American artistic gymnast

Frederick Charles Orlofsky (born April 8, 1937) is a retired American artistic gymnast. He was a member of the United States men's national artistic gymnastics team and competed at the 1960 Summer Olympics and finished fifth with the team. He was part of the American team that won a gold medal at the 1963 Pan American Games.

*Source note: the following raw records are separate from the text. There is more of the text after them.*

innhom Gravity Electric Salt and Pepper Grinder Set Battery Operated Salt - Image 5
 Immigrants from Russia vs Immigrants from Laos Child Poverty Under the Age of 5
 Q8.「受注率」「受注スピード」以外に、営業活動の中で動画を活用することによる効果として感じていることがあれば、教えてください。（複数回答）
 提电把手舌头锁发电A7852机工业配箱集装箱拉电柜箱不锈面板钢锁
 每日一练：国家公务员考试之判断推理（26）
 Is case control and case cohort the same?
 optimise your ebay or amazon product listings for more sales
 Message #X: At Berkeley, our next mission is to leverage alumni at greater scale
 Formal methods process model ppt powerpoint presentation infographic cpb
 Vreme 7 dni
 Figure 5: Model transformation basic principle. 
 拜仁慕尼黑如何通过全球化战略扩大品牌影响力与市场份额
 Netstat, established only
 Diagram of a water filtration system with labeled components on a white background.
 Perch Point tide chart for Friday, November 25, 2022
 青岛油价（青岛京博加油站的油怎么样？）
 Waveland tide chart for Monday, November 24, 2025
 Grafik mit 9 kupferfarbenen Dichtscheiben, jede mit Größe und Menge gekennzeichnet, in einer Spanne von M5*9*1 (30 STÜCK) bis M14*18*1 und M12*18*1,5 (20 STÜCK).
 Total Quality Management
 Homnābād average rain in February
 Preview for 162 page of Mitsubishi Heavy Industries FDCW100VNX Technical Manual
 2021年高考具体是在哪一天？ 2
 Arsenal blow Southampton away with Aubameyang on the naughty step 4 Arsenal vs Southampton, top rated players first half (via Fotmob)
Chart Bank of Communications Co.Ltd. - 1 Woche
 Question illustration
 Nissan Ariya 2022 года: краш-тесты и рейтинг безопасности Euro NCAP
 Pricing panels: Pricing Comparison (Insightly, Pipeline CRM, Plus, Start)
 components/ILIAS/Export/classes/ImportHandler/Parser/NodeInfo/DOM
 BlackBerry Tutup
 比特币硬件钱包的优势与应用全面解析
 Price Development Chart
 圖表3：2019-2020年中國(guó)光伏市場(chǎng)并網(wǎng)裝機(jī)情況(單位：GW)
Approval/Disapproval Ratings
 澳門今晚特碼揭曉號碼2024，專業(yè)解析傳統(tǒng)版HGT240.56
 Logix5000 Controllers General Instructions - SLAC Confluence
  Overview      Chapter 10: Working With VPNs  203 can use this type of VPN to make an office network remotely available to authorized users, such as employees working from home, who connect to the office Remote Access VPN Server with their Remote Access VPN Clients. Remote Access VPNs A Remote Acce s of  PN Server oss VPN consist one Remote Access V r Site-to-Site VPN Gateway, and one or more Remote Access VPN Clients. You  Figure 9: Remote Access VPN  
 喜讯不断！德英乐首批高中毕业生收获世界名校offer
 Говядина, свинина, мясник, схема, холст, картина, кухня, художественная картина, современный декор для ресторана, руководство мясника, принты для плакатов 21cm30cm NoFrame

Orlofsky was born in North Bergen, New Jersey. He competed for William L. Dickinson High School and Southern Illinois Salukis men's gymnastics teams. He won 1960 AAU titles in all-around, rings, and parallel bars, placing second on the horizontal bar and third on the pommel horse. He won a 1961 NCAA title on the rings and placed second all-around in 1961–63. After retiring from competitions he coached gymnasts at Western Michigan University from 1966 to 1996. Between 1964 and 2000 he also judged competitions, both nationally and internationally. In 1985 he was inducted into the U.S. Gymnastics Hall of Fame.

Orlofsky is married to Holly Dee Brown, they have three children. He lives in Florida.